Por unanimidade, a 3ª Câmara de Direito Público do Tribunal de Justiça do Maranhão invalidou um decreto de 2019 que desapropriava as terras dos últimos moradores da comunidade do Cajueiro, na capital São Luís. O local é alvo de um projeto de um megaporto para exportação de commodities.
Emitido no governo Flávio Dino, hoje ministro da Justiça e indicado ao Supremo Tribunal Federal (STF) pelo presidente Lula, o decreto havia sido questionado judicialmente, mas acabou validado por um juiz da Vara de Interesses Difusos e Coletivos da capital maranhense.
O mesmo magistrado emitiu uma ordem para remover os moradores, com “uso de força policial e arrombamento”, logo após a decisão da 3ª Câmara, mas seu ato foi igualmente derrubado pelo judiciário estadual. Um dos despejados seria o pescador aposentado João Germano, o Joca, de 90 anos.
“O decreto era uma ilegalidade que colocava a corda no pescoço do seu Jorge e de outras famílias, já removidas. Não se encontra no país um decreto semelhante que seja válido”, afirma o advogado Rafael Silva, consultor jurídico da Comissão Pastoral da Terra (CPT) no Maranhão.
Fontes civis avaliam que a decisão da 3ª Câmara pode extinguir processos para desapropriação na comunidade do Cajueiro, alvo de assédio judicial e violência desde 2014. À época, o território de posse coletiva foi comprado por empresas privadas para a construção de um porto, mostrou ((o))eco.
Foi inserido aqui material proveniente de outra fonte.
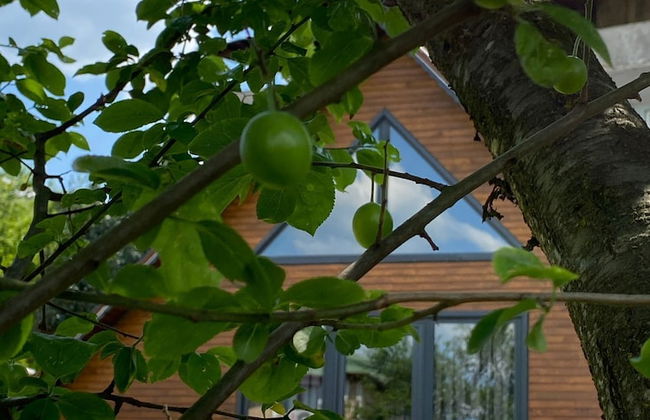 Maşukiye Pink House Bungalow - Foto 41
Sobre a aquisição pairavam suspeitas e investigações sobre supostos dribles na legislação estadual e federal e por grilagem de terras públicas onde as famílias haviam sido assentadas, revelou a reportagem especial Sitiados pelo progresso.
“A obra não pode iniciar sem solução para o impasse territorial”, diz Horácio Antunes, professor da Pós-graduação em Ciências Sociais da Universidade Federal do Maranhão (UFMA). “O Cajueiro e povoados vizinhos serão muito afetados pela construção e operação do porto”, afirma.
A empreitada era uma parceria da brasileira WPR – São Luís e da CCCC, sigla em Inglês para Empresa de Construção e Comunicações da China, mas que foi comprada em 2021 pelo Cosan, grupo brasileiro com negócios nas áreas de combustíveis, logística e energia.
Enquanto isso, as obras do porto para exportação de commodities como minério de ferro estariam paradas. “Não tem nada construído. É só desmatamento e devastação”, descreve o advogado Rafael Silva.
A Cosan não atendeu aos nossos pedidos de entrevista. Uma nota enviada por sua Assessoria de Imprensa comenta que o “processo judicial ainda está em curso e que serão adotadas todas medidas judiciais cabíveis. Importante ressaltar que o projeto segue seu curso normal, respeitando seu cronograma original, com avanços em projetos de engenharia e em iniciativas sociais para a comunidade envolvida”. Também afirmou que adotam “as melhores práticas ambientais, sociais e de governança na realização de seus investimentos como gestora de portfólio”.